It has been estimated that the labor conflict slowing down ports on the West Coast will cost the economy up to $2 billion a day if it turns into a complete shutdown.
But not everyone is a loser. CNBC identified
several industries that will enjoy at least a partial benefit from the situation.
- Air Freight. If you can't transport by sea or land, why not by air? "Some importers, like electronics dealers and luxury retailers, can afford to put their cargo on planes, despite at least a tenfold increase in shipping costs," writes CNBC's Allen Wastler. "Their profit margin may be squeezed, but they are still making money in most cases.
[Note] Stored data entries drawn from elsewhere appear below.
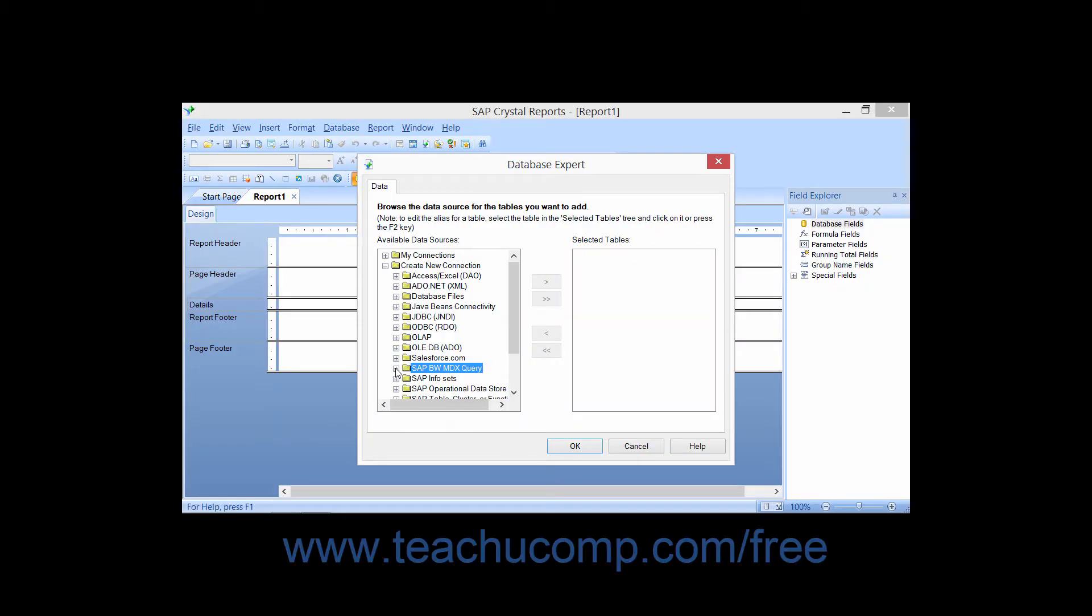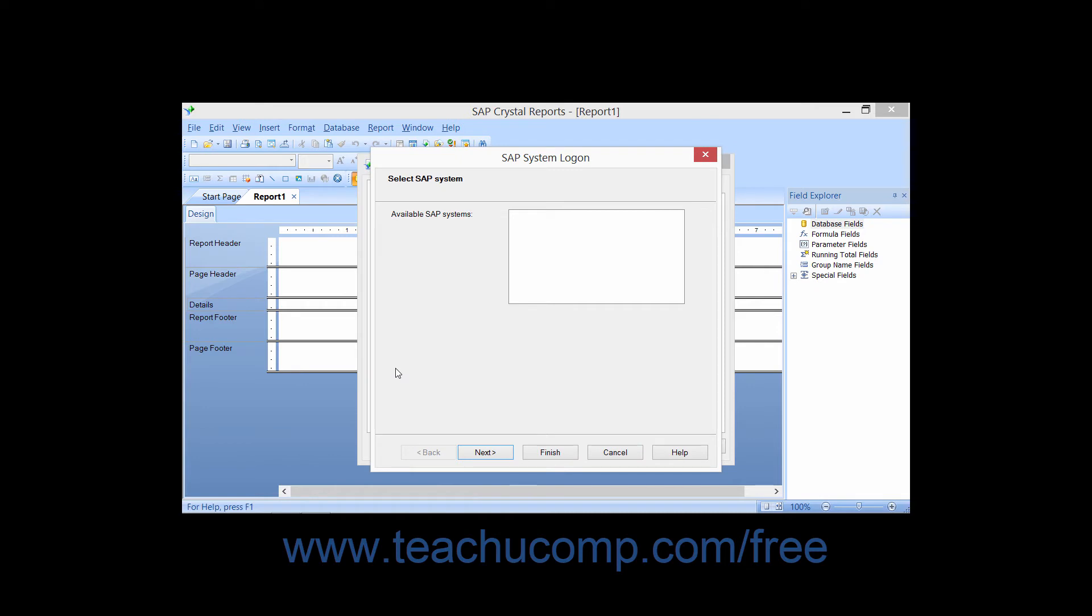You can click the small plus sign next to the SAP BWMDX query folder under the Create New Connection folder within the Database Expert dialog box to create a data connection to information stored in an SAP NetWeaver business warehouse. You can connect to either queries that have been created with SAP Business Explorer Query Designer, or you may connect directly to the DataCubes in BW itself.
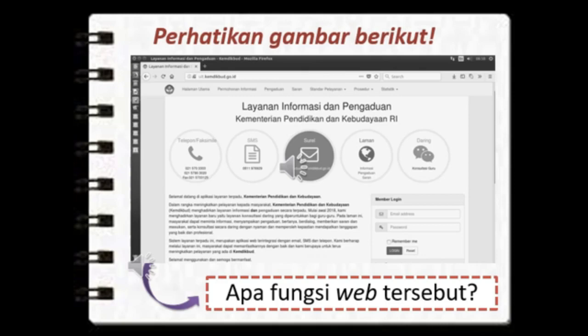Perhatikanlah bahwasannya gambar berikut ini adalah pengaruh positif dari kemajuan ilmu pengetahuan dan teknologi. Karena kemajuan ilmu pengetahuan dan teknologi itu akan membawa pengaruh baik di bidang politik, di bidang ekonomi, di bidang sosial dan budaya, serta di bidang pertahanan dan keamanan, tidak lupa juga dalam bidang hukum. Marilah satu persatu kita mulai mempelajari tentang pengaruh positif kemajuan ilmu pengetahuan dan teknologi.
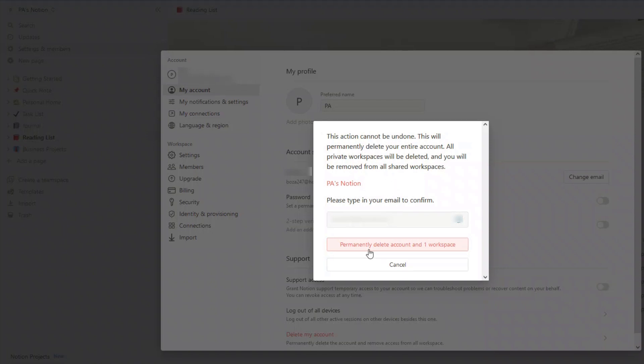Once you're happy with that, all you need to do is add your email address in this box, and then click on permanently delete account.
- "Railroads. The two primary railroads moving cargo from the West Coast, the BNSF Railway (owned by Warren Buffett's Berkshire Hathaway) and Union Pacific Corp., will suffer. But their eastern counterparts, CSX and Norfolk Southern, may see some added short-term business from diverted cargo."
- Ports and truckers on the east coast. Cargo traffic may be diverted their way from the West Coast.
Still, the overall impact isn't good. Many businesses are complaining. For Levi Strauss, "the situation has gone from manageable to bad," said CEO Chip Bergh, according to The Wall Street Journal.
The apparel company imports a third of its product through the West Coast.
Softline Home Fashions, which imports fabric for curtains and other home decorations, has about $800,000 of goods waiting to be unloaded on the West Coast, the paper reports.
"We’re in trouble right now with some of our customers," which include major retailers, such as Walmart and J.C. Penney, Softline President Jason Carr told The Journal. "It’s a major headache." He said he will have to decide soon whether to fly in merchandise from China.
"In any given year the West Coast ports handle between 10 and 15 percent of GDP," illustrating "their importance as a trade gateway," Matt Troy, executive director at Nomura Securities International, told Bloomberg.